A segunda aplicação é a simulação dinâmica de cenários. Em vez de rodar uma simulação de Monte Carlo estática com faixas fixas de variação, modelos de machine learning podem ser alimentados com dados macroeconômicos em tempo real (inflação, câmbio, indicadores de atividade, preços de commodities) e ajustar automaticamente as distribuições de probabilidade. Isso significa que a simulação de hoje reflete o cenário de hoje, não o cenário de quando o modelo foi construído há seis meses. Para uma empresa que importa insumos, por exemplo, o modelo pode incorporar automaticamente a alta recente do dólar e ajustar a projeção de custos sem que o gestor precise intervir manualmente.
A terceira aplicação é o monitoramento contínuo de projetos em andamento. Uma vez que o investimento foi feito, a IA pode comparar os resultados reais com as projeções do modelo original e alertar o gestor quando há desvios significativos. Se a receita do primeiro trimestre veio 15% abaixo do projetado, o sistema recalcula automaticamente o VPL esperado e informa se o projeto ainda é viável ou se é hora de reavaliar. Esse tipo de monitoramento proativo evita o erro clássico de continuar investindo num projeto que já deveria ter sido descontinuado simplesmente porque ninguém parou para refazer as contas.
Na MVD, estamos desenvolvendo agentes de IA especializados que fazem exatamente esse tipo de análise. O nosso agente de Custo Efetivo, por exemplo, compara propostas de financiamento, calcula o CET (Custo Efetivo Total) de cada alternativa e mostra visualmente qual opção cria mais valor para a empresa considerando o cenário de juros atual. A nossa visão é que todo gestor de PME deveria ter acesso a ferramentas de análise financeira que antes eram exclusivas de grandes corporações com departamentos inteiros de planejamento financeiro.
Conclusão: Selic alta não é sentença, é filtro
Se você chegou até aqui, já tem uma vantagem significativa sobre a maioria dos gestores brasileiros. Você entende que a Selic não é apenas um número que aparece no noticiário — é o preço do dinheiro que permeia todas as decisões financeiras da sua empresa. Entende que o WACC é o tradutor entre a Selic e o retorno que cada projeto precisa gerar. Entende que o VPL é a ferramenta que diz, sem ambiguidade, se um investimento cria ou destrói valor. E entende que simulações de cenários não são luxo acadêmico, são seguro contra decisões caras.

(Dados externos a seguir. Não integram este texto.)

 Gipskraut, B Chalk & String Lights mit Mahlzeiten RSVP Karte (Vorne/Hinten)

Selic alta não é sentença de morte para investimentos. É um filtro. Ela mata os projetos medíocres e premia os excelentes. Quando o dinheiro é caro, só os investimentos com retorno robusto sobrevivem. E isso, no longo prazo, é bom para as empresas que fazem a análise correta. Os gestores que entendem a relação Selic, WACC e VPL não param de investir quando os juros sobem. Eles investem melhor. Escolhem os projetos com maior margem de segurança, estruturam os investimentos em fases para limitar o risco, protegem o capital com gestão de tesouraria ativa e usam ferramentas modernas para simular cenários antes de comprometer recursos.

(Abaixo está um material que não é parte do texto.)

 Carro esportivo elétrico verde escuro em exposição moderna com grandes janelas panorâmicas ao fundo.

O convite que deixo é direto: calcule o WACC da sua empresa esta semana. Pegue o projeto de investimento mais relevante que está em avaliação e rode o VPL com três cenários de Selic (otimista, base e pessimista). Se o VPL for negativo no cenário base, repense. Se for negativo em todos os cenários, desista sem remorso. Se for positivo até no cenário pessimista, invista com confiança. Essa disciplina analítica, repetida em cada decisão de investimento, é o que separa empresas que crescem de forma sustentável daquelas que crescem rápido e quebram na próxima alta de juros.